If you can't speak out against this kind of thing,
a crime that's so unjust,
your eyes are filled with dead men's dirt,
your mind is filled with dust.

   Today, 50 years after Emmett Till's brutal murder, the Senate will formally and officially offer apologies to not just the families of Emmett Till but the nearly 4,800 other Americans who died at the hands of lynch mobs in our country, in this great Nation of America, between 1882 and 1968. We offer our apologies as well to the countless millions of Americans who were forced to live with the fear that they could be the next victim.

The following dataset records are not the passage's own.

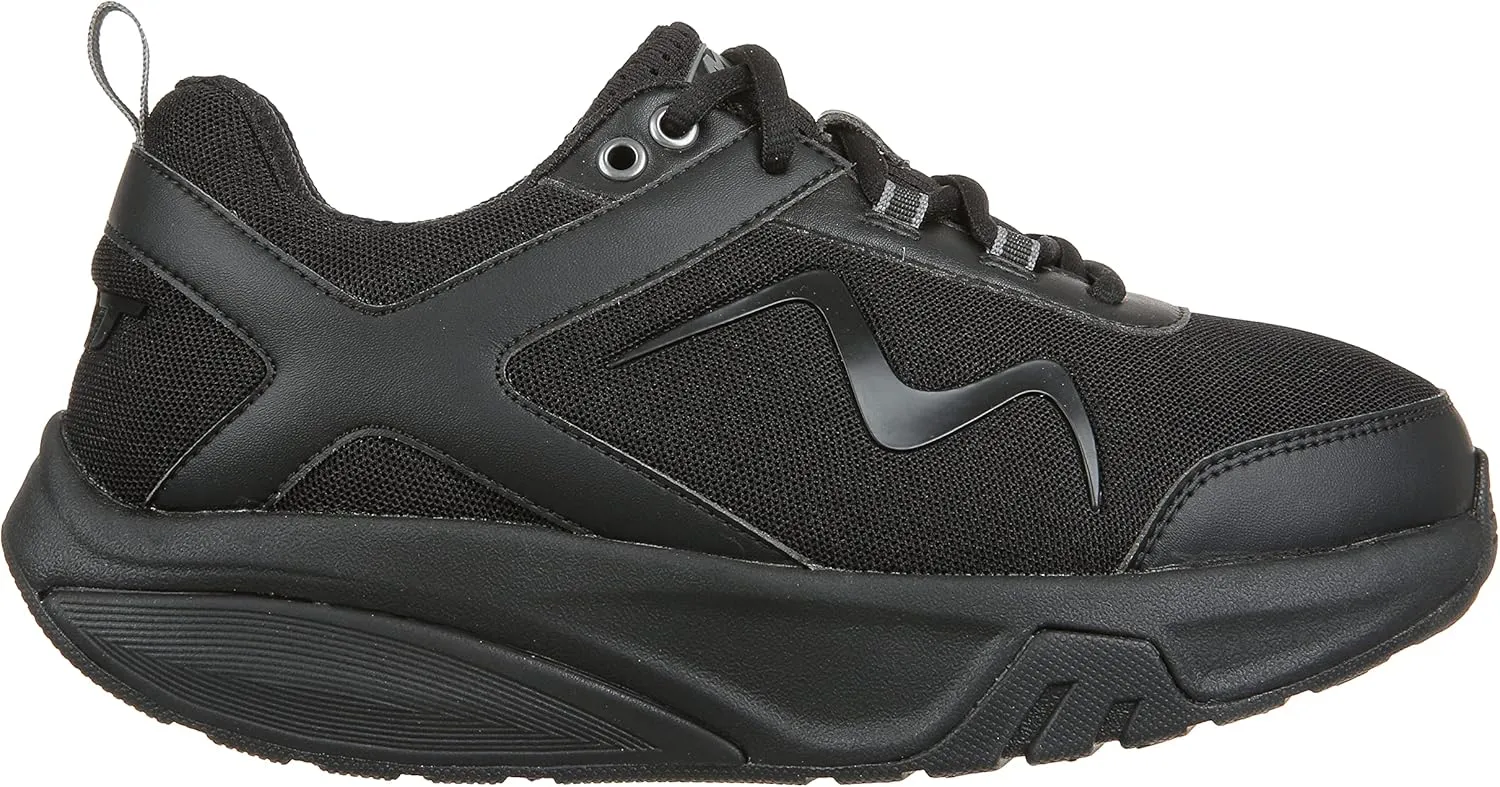 MBT Women's Sport 4 Active Fitness Walking Shoe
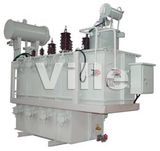 Power Transformer 150MVA (35kv-110kv)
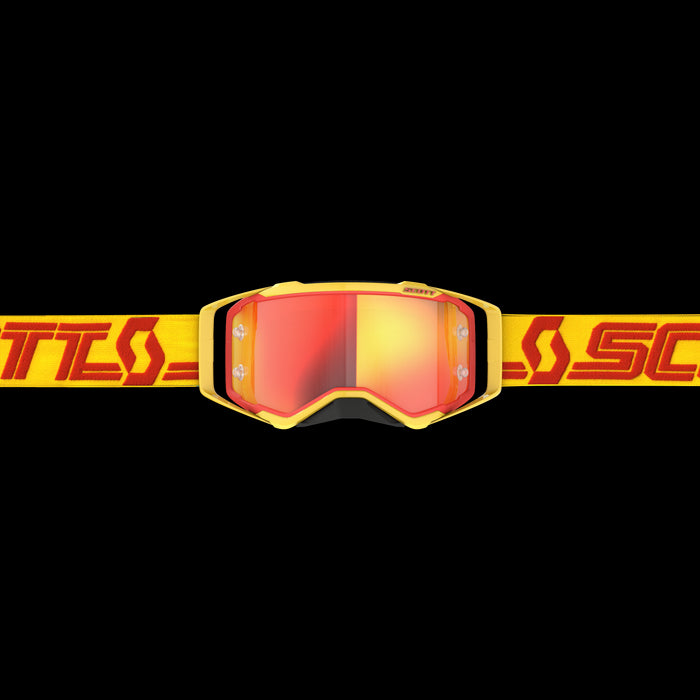 SCOTT Prospect Goggle Motorcycle Eyewear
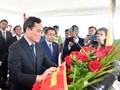 Venezuela trân trọng di sản của Chủ tịch Hồ Chí Minh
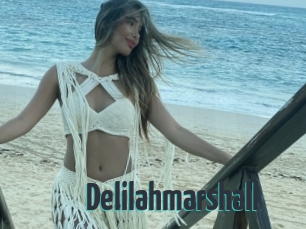 Delilahmarshall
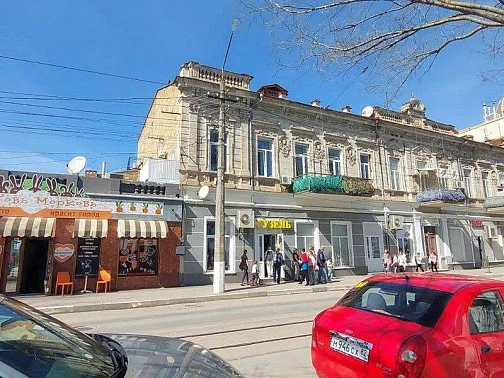 "Евродвушка" 1-комнатная квартира, Евпатория Фото: 5 из 30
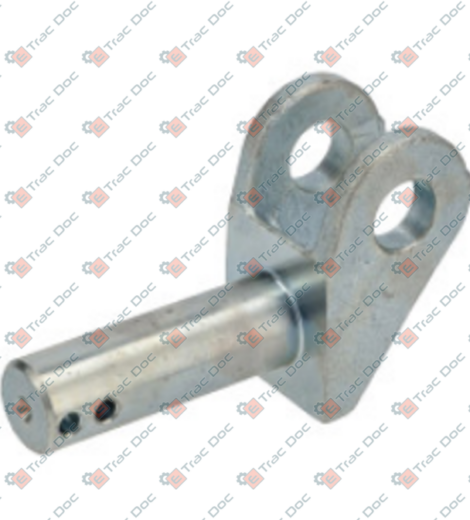 FORK STRUT LIFT ARM - CNH Originale - 5123274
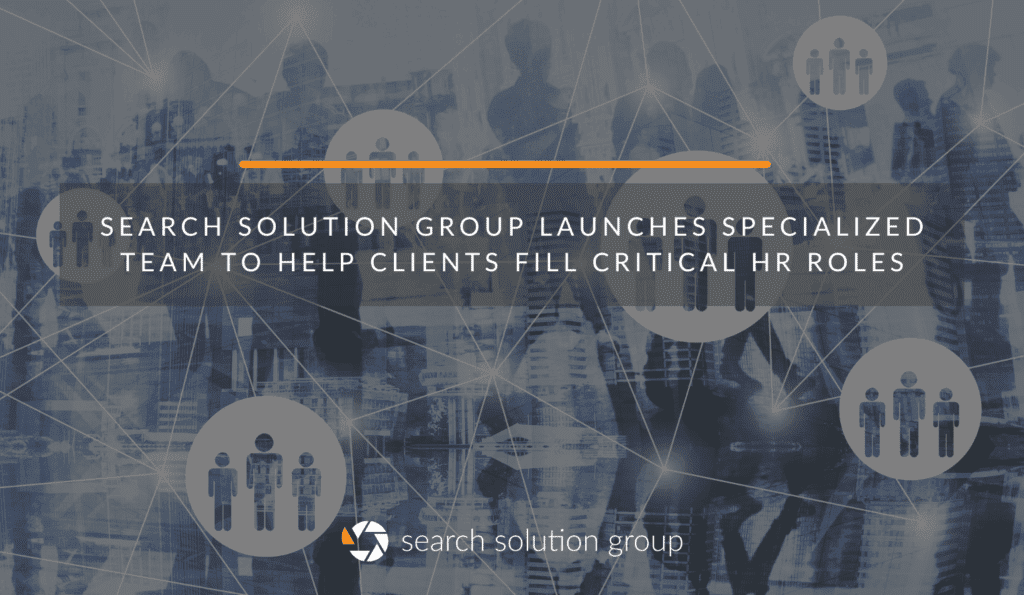 Search Group Solutions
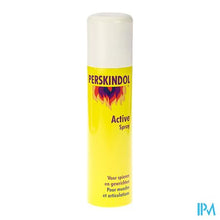 Load image into Gallery viewer, Perskindol Active Spray 150ml
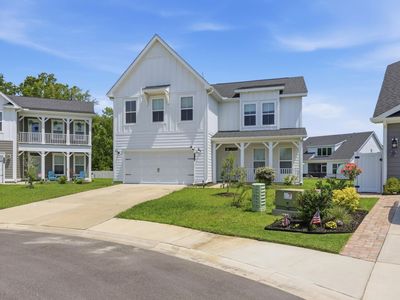 2108 Ballast Ct., Myrtle Beach, SC 29579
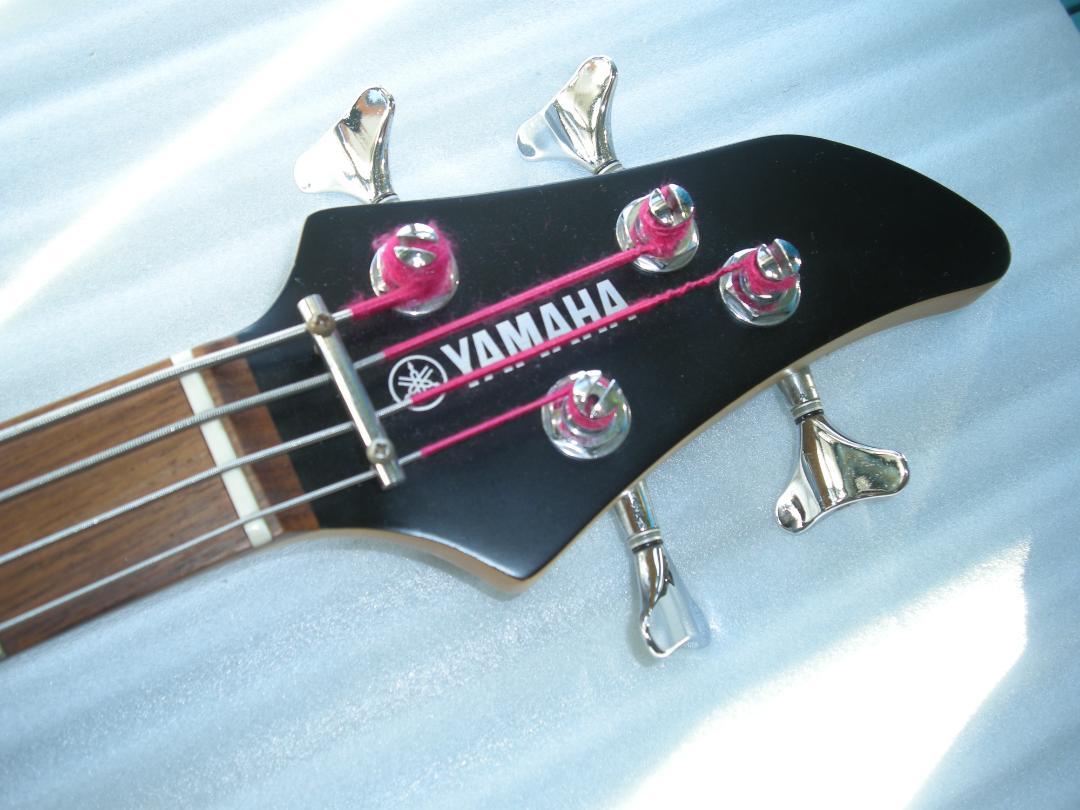人気SALE低価 YAMAHA RBXエレキベース WgF2k-m10423754331 NEW ARRIVAL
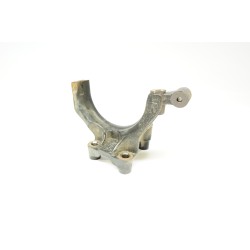 2015 Volkswagen Jetta Diesel Turbocharger Bracket / Mount 04L131425A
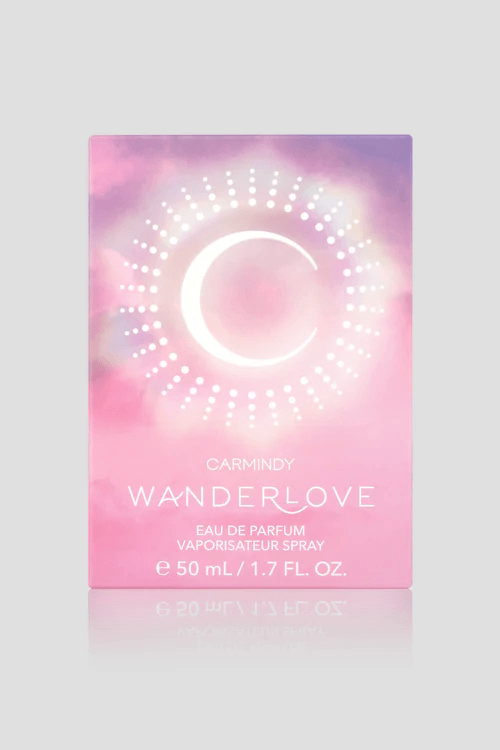 WANDERLOVE EDP - SCENT BEAUTY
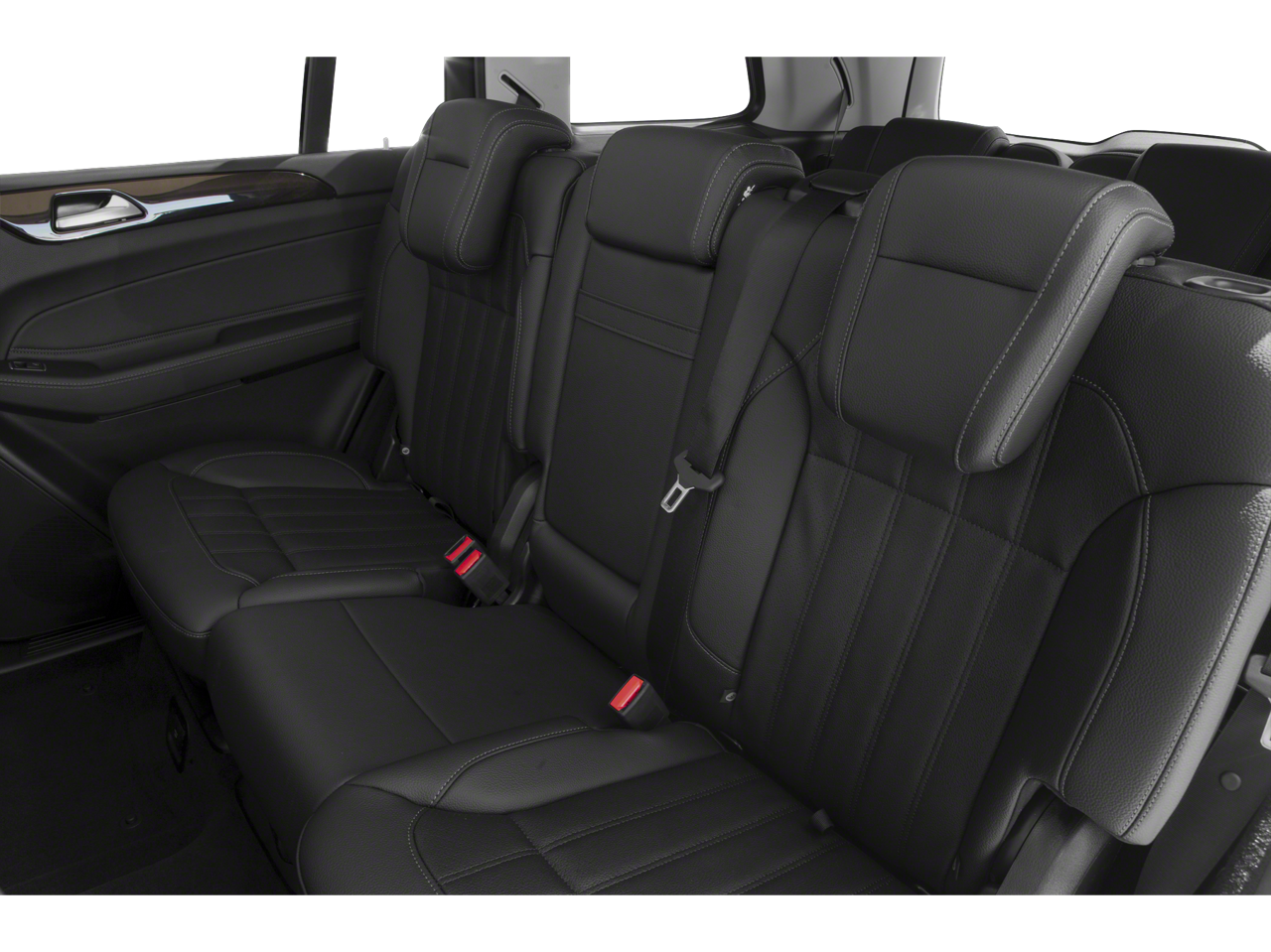 2019 Mercedes-Benz GLS GLS 450 4MATIC® Sport Utility 4D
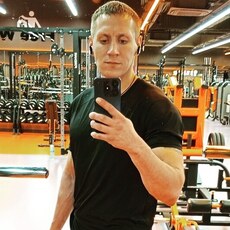 Фотография мужчины Игнат, 36 лет из г. Горно-Алтайск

   Emmett Till's cousin, Simeon Wright, was lying next to Emmett the night he was kidnapped and lynched. Simeon Wright is with us today. Doria Johnson, from Evanston, IL, also is with us today. Her grandfather, Anthony Crawford, was lynched by a White mob in Abbeville, SC, in 1916. He was beaten, hanged, and shot more than 200 times. What kind of offense would merit that kind of punishment? What had Anthony Crawford done? Anthony Crawford, in 1916, in South Carolina, a Black man, got into an argument with a White man over the price of cotton seed at a store.

   To them and to all who lost a loved one to lynching and to those who lost a piece of their own childhood and their own sense of security, we say today formally and officially in the Senate that we were wrong--wrong for failing to protect them, wrong because we never said we were sorry.

   The murders of Emmett Till and Anthony Crawford are among those documented in a groundbreaking book and museum exhibit called ``Without Sanctuary: Lynching Photography in America.'' The exhibit has traveled all over the United States and opened just last week at the Chicago Historical Society.

   Mr. President, just a few days ago, the Chicago Sun-Times did an editorial on this issue of lynching and this exhibit. I ask unanimous consent that the editorial be printed in the RECORD.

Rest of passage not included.